### ABOUT THIS EXERCISE
Reproduce the whole listing below without its pictures, exactly as written.

### INFORMATION SUPPLIED
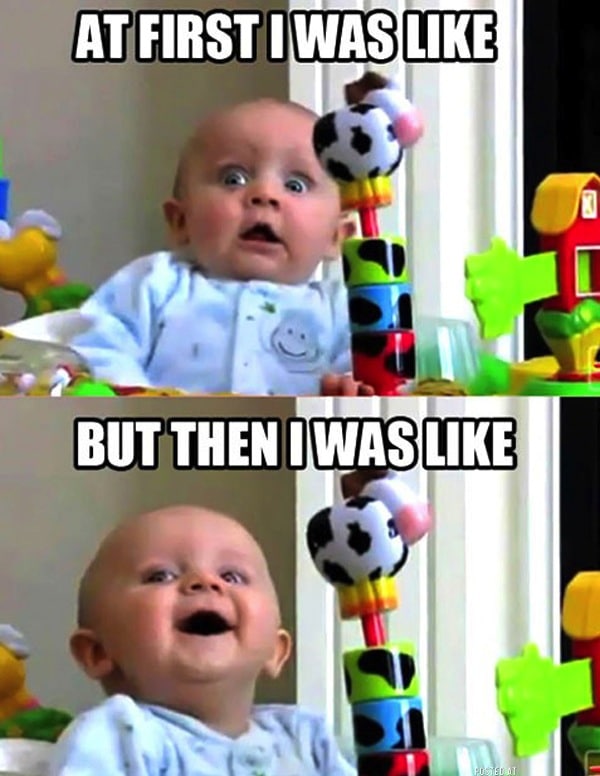Baby Memes: at first i was like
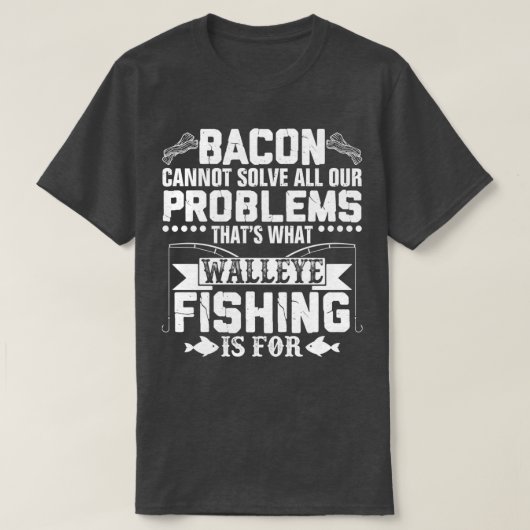 Funny Walleye Vissen Sarcastic T-shirt (Design voorkant)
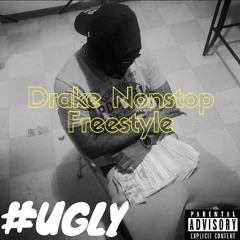 Brisco Blood - Ugly ( Drake NonStop Freestyle )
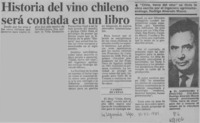 Historia del vino chileno será contada en un libro.  [artículo]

### THE ANSWER
Baby Memes: at first i was like
 Funny Walleye Vissen Sarcastic T-shirt (Design voorkant)
 Brisco Blood - Ugly ( Drake NonStop Freestyle )
 Historia del vino chileno será contada en un libro.  [artículo]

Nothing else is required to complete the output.